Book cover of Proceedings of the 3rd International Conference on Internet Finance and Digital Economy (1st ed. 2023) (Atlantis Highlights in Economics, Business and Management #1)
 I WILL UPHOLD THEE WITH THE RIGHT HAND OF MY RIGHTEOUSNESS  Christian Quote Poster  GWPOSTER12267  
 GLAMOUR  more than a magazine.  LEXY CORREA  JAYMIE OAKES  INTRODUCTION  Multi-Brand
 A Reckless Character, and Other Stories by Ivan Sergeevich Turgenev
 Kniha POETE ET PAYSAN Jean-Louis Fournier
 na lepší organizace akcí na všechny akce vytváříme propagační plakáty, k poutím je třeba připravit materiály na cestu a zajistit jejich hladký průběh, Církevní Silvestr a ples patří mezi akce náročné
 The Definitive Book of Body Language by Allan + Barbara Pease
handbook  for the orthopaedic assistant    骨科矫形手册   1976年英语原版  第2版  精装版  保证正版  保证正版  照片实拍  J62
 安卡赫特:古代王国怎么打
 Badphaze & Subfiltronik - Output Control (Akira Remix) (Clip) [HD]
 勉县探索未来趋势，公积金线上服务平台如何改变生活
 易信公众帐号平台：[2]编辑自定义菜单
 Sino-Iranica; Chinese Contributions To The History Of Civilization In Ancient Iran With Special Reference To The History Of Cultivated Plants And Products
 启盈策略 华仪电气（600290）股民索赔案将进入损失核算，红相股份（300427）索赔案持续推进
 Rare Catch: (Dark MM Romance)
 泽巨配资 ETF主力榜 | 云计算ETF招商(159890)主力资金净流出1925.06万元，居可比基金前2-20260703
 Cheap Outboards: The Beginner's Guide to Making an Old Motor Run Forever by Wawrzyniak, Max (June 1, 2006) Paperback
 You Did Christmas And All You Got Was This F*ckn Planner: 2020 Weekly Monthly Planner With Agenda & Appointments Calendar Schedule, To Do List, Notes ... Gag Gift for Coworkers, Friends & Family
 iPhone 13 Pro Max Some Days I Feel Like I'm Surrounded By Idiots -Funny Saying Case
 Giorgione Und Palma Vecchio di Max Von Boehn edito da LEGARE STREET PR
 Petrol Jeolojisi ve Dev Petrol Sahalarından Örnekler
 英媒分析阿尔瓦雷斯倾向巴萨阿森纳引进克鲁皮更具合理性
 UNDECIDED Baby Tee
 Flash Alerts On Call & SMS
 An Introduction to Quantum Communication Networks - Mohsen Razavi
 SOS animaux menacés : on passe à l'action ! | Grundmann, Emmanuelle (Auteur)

What you will do
Print the lines of the entries, exactly, from the one containing "Rare Catch: (Dark MM Romance)" down to the final line, and leave out all the others.

Solution for this task
 Rare Catch: (Dark MM Romance)
 泽巨配资 ETF主力榜 | 云计算ETF招商(159890)主力资金净流出1925.06万元，居可比基金前2-20260703
 Cheap Outboards: The Beginner's Guide to Making an Old Motor Run Forever by Wawrzyniak, Max (June 1, 2006) Paperback
 You Did Christmas And All You Got Was This F*ckn Planner: 2020 Weekly Monthly Planner With Agenda & Appointments Calendar Schedule, To Do List, Notes ... Gag Gift for Coworkers, Friends & Family
 iPhone 13 Pro Max Some Days I Feel Like I'm Surrounded By Idiots -Funny Saying Case
 Giorgione Und Palma Vecchio di Max Von Boehn edito da LEGARE STREET PR
 Petrol Jeolojisi ve Dev Petrol Sahalarından Örnekler
 英媒分析阿尔瓦雷斯倾向巴萨阿森纳引进克鲁皮更具合理性
 UNDECIDED Baby Tee
 Flash Alerts On Call & SMS
 An Introduction to Quantum Communication Networks - Mohsen Razavi
 SOS animaux menacés : on passe à l'action ! | Grundmann, Emmanuelle (Auteur)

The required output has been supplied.